Reproduce the listing in full. Keep every character unchanged.

---------------

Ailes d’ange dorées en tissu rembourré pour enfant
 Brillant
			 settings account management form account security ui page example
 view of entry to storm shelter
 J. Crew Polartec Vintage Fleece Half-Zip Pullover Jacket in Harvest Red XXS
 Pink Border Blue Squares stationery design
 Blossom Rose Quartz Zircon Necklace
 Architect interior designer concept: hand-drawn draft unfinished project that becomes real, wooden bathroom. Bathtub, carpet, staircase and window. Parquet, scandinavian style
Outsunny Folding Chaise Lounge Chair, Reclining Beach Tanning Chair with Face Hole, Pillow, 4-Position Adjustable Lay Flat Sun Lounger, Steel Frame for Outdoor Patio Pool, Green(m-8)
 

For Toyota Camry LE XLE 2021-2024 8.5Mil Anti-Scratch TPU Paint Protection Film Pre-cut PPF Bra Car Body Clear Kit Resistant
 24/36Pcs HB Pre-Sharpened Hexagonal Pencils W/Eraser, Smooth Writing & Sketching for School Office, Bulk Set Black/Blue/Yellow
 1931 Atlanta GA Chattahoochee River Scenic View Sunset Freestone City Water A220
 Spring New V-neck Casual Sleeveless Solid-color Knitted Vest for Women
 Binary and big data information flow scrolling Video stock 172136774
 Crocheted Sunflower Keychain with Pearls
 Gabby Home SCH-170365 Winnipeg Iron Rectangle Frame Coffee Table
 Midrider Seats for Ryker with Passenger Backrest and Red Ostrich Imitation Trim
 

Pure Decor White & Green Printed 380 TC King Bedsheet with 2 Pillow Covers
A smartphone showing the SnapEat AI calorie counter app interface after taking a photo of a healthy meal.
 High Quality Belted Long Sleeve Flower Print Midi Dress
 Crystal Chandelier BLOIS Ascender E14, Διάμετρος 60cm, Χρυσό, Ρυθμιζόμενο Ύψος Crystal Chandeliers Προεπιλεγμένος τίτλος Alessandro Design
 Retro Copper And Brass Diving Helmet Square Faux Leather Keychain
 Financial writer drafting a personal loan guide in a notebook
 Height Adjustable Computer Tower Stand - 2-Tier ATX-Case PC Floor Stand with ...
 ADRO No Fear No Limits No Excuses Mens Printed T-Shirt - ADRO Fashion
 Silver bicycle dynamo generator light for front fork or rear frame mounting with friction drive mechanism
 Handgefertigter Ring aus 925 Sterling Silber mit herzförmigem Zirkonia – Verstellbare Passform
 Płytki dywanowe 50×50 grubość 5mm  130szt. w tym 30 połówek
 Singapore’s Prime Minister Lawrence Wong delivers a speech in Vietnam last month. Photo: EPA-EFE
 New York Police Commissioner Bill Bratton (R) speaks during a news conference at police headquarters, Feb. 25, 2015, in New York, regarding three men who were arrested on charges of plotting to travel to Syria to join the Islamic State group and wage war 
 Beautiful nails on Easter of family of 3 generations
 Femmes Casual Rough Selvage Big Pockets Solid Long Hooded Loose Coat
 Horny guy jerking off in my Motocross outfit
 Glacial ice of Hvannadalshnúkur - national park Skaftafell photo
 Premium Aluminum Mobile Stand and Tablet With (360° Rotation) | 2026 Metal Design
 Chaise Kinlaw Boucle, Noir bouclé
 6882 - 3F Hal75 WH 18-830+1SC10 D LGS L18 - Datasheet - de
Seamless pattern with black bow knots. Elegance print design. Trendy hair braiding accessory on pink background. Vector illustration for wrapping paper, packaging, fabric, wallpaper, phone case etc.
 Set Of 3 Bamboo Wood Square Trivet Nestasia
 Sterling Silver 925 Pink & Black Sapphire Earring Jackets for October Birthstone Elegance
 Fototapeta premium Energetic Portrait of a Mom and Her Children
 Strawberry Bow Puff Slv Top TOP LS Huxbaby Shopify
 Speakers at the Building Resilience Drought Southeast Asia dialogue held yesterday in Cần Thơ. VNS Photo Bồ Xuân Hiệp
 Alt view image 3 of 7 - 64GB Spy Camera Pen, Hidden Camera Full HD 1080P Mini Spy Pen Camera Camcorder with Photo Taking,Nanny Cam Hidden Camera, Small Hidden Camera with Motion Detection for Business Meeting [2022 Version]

---------------

Answer section:
Ailes d’ange dorées en tissu rembourré pour enfant
 Brillant
			 settings account management form account security ui page example
 view of entry to storm shelter
 J. Crew Polartec Vintage Fleece Half-Zip Pullover Jacket in Harvest Red XXS
 Pink Border Blue Squares stationery design
 Blossom Rose Quartz Zircon Necklace
 Architect interior designer concept: hand-drawn draft unfinished project that becomes real, wooden bathroom. Bathtub, carpet, staircase and window. Parquet, scandinavian style
Outsunny Folding Chaise Lounge Chair, Reclining Beach Tanning Chair with Face Hole, Pillow, 4-Position Adjustable Lay Flat Sun Lounger, Steel Frame for Outdoor Patio Pool, Green(m-8)
 

For Toyota Camry LE XLE 2021-2024 8.5Mil Anti-Scratch TPU Paint Protection Film Pre-cut PPF Bra Car Body Clear Kit Resistant
 24/36Pcs HB Pre-Sharpened Hexagonal Pencils W/Eraser, Smooth Writing & Sketching for School Office, Bulk Set Black/Blue/Yellow
 1931 Atlanta GA Chattahoochee River Scenic View Sunset Freestone City Water A220
 Spring New V-neck Casual Sleeveless Solid-color Knitted Vest for Women
 Binary and big data information flow scrolling Video stock 172136774
 Crocheted Sunflower Keychain with Pearls
 Gabby Home SCH-170365 Winnipeg Iron Rectangle Frame Coffee Table
 Midrider Seats for Ryker with Passenger Backrest and Red Ostrich Imitation Trim
 

Pure Decor White & Green Printed 380 TC King Bedsheet with 2 Pillow Covers
A smartphone showing the SnapEat AI calorie counter app interface after taking a photo of a healthy meal.
 High Quality Belted Long Sleeve Flower Print Midi Dress
 Crystal Chandelier BLOIS Ascender E14, Διάμετρος 60cm, Χρυσό, Ρυθμιζόμενο Ύψος Crystal Chandeliers Προεπιλεγμένος τίτλος Alessandro Design
 Retro Copper And Brass Diving Helmet Square Faux Leather Keychain
 Financial writer drafting a personal loan guide in a notebook
 Height Adjustable Computer Tower Stand - 2-Tier ATX-Case PC Floor Stand with ...
 ADRO No Fear No Limits No Excuses Mens Printed T-Shirt - ADRO Fashion
 Silver bicycle dynamo generator light for front fork or rear frame mounting with friction drive mechanism
 Handgefertigter Ring aus 925 Sterling Silber mit herzförmigem Zirkonia – Verstellbare Passform
 Płytki dywanowe 50×50 grubość 5mm  130szt. w tym 30 połówek
 Singapore’s Prime Minister Lawrence Wong delivers a speech in Vietnam last month. Photo: EPA-EFE
 New York Police Commissioner Bill Bratton (R) speaks during a news conference at police headquarters, Feb. 25, 2015, in New York, regarding three men who were arrested on charges of plotting to travel to Syria to join the Islamic State group and wage war 
 Beautiful nails on Easter of family of 3 generations
 Femmes Casual Rough Selvage Big Pockets Solid Long Hooded Loose Coat
 Horny guy jerking off in my Motocross outfit
 Glacial ice of Hvannadalshnúkur - national park Skaftafell photo
 Premium Aluminum Mobile Stand and Tablet With (360° Rotation) | 2026 Metal Design
 Chaise Kinlaw Boucle, Noir bouclé
 6882 - 3F Hal75 WH 18-830+1SC10 D LGS L18 - Datasheet - de
Seamless pattern with black bow knots. Elegance print design. Trendy hair braiding accessory on pink background. Vector illustration for wrapping paper, packaging, fabric, wallpaper, phone case etc.
 Set Of 3 Bamboo Wood Square Trivet Nestasia
 Sterling Silver 925 Pink & Black Sapphire Earring Jackets for October Birthstone Elegance
 Fototapeta premium Energetic Portrait of a Mom and Her Children
 Strawberry Bow Puff Slv Top TOP LS Huxbaby Shopify
 Speakers at the Building Resilience Drought Southeast Asia dialogue held yesterday in Cần Thơ. VNS Photo Bồ Xuân Hiệp
 Alt view image 3 of 7 - 64GB Spy Camera Pen, Hidden Camera Full HD 1080P Mini Spy Pen Camera Camcorder with Photo Taking,Nanny Cam Hidden Camera, Small Hidden Camera with Motion Detection for Business Meeting [2022 Version]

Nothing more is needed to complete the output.